** Supplied records follows **

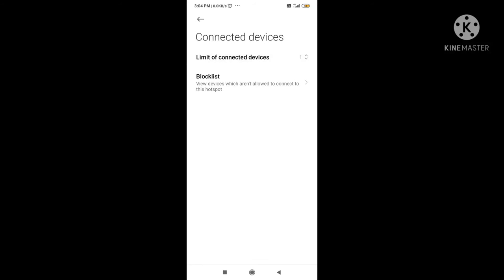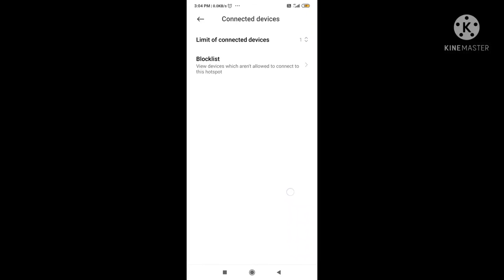Now for the blocklist: if you see a device name you don't recognize connected to your hotspot, you can block it from there.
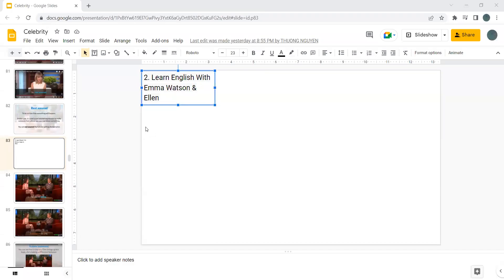Another clip from Learn English with Celebrities is Learn English with Emma Watson and Ellen. Emma Watson is the main cast in famous series Harry Potter.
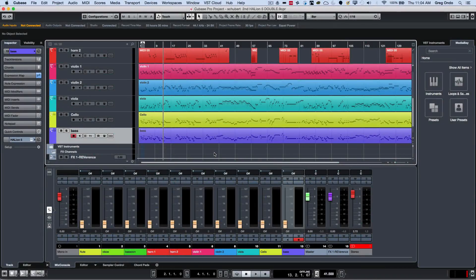I got a question recently about editing multiple MIDI parts within a single editor. The customer had a MIDI piano part and a MIDI bass part and they wanted to see the piano part as they edited the bass so they could line it up rhythmically, and this is quite easy to do in Cubase.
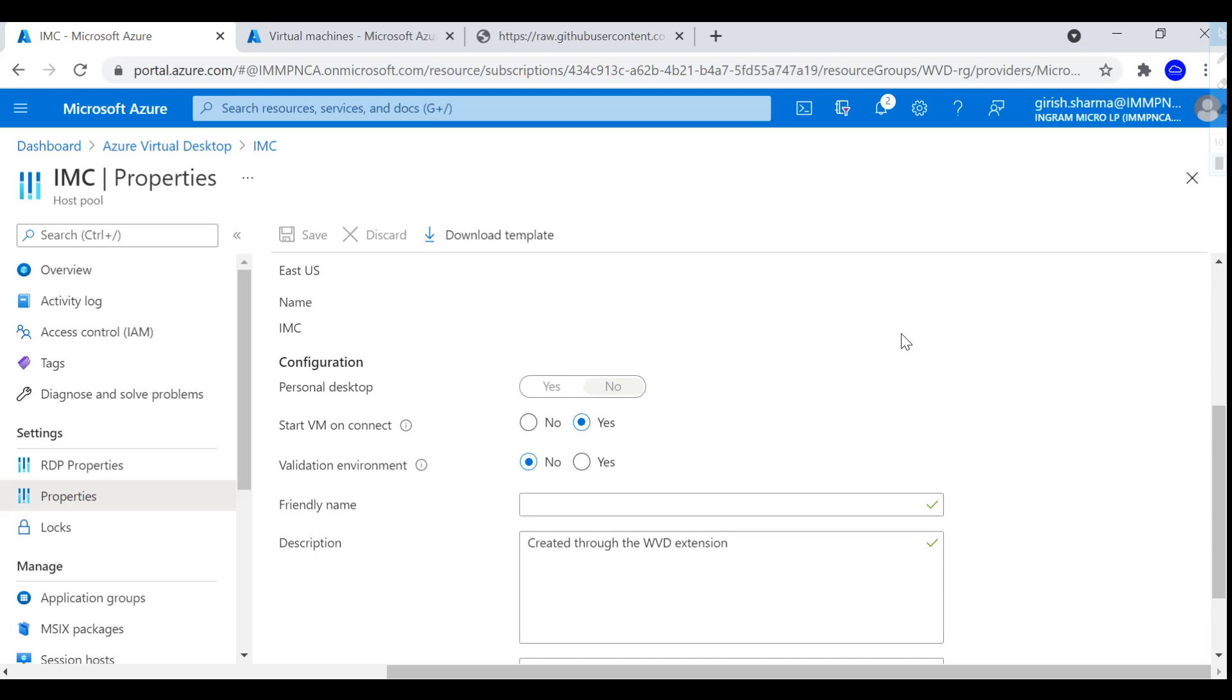So this was a quick overview of how to implement Start VM on Demand within Azure Virtual Desktop. Thanks for watching, have a good day.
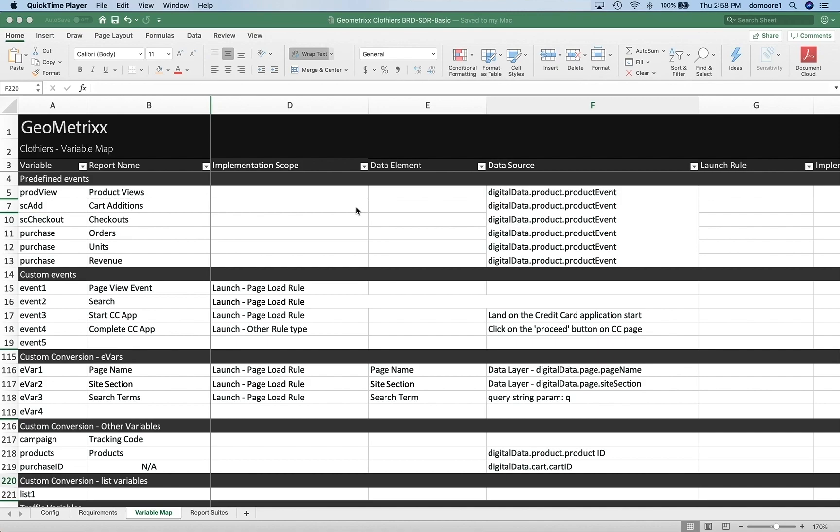Hey everybody, it's Doug. In this video I want to show you how to take what you have created in an SDR, or a Solution Design Reference Document, and then configure the variables in the Admin Console of Analytics in the UI.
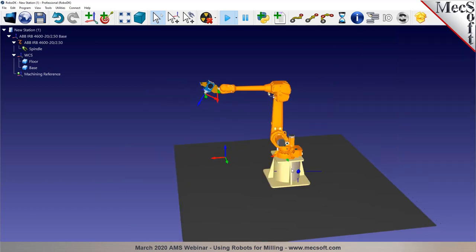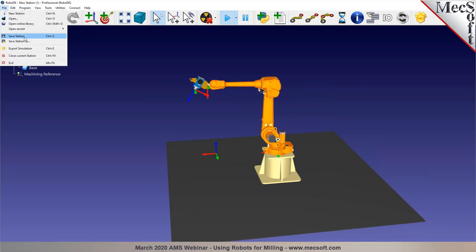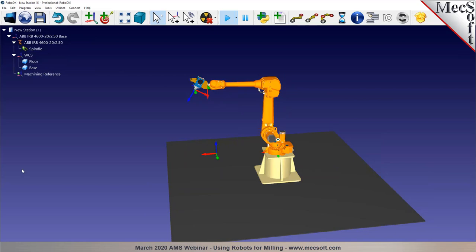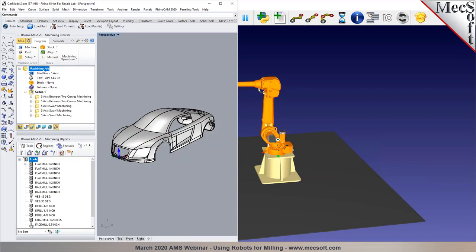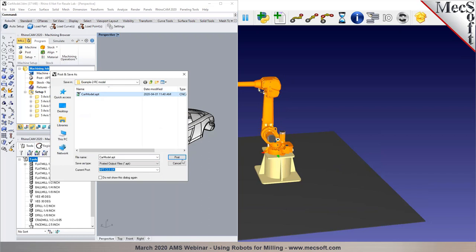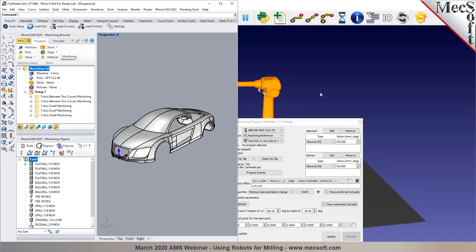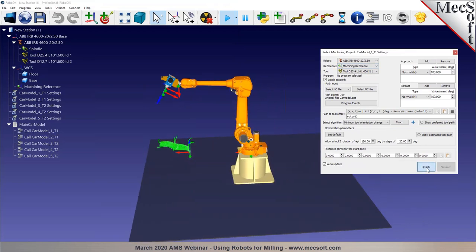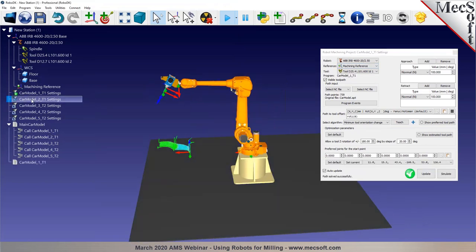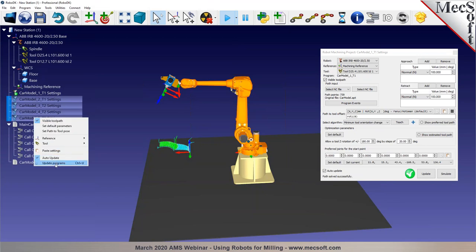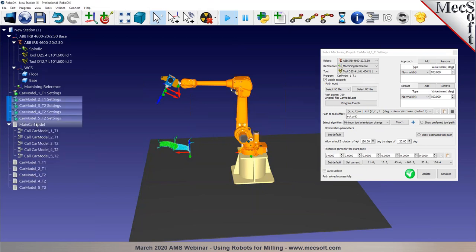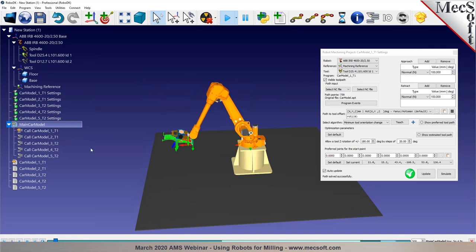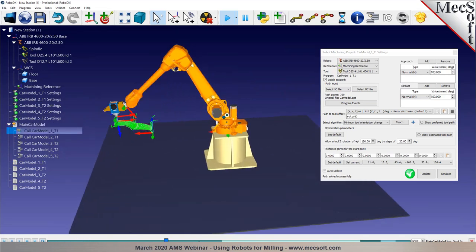From Rhino you can post the project, select the same or a different name, and this will reload the whole project into RoboDK. With the default settings, try 'Update Everything' and you'll now have a working program with the ABB robot.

** End of Supplied records **

* _Instructions for the task_
With the pictures removed from your copy, retype the lines above from the one that contains "Another clip from" through the one that contains "Hey everybody, it's", exactly.

* _The answer_
Another clip from Learn English with Celebrities is Learn English with Emma Watson and Ellen. Emma Watson is the main cast in famous series Harry Potter.
I got a question recently about editing multiple MIDI parts within a single editor. The customer had a MIDI piano part and a MIDI bass part and they wanted to see the piano part as they edited the bass so they could line it up rhythmically, and this is quite easy to do in Cubase.
So this was a quick overview of how to implement Start VM on Demand within Azure Virtual Desktop. Thanks for watching, have a good day.
Hey everybody, it's Doug. In this video I want to show you how to take what you have created in an SDR, or a Solution Design Reference Document, and then configure the variables in the Admin Console of Analytics in the UI.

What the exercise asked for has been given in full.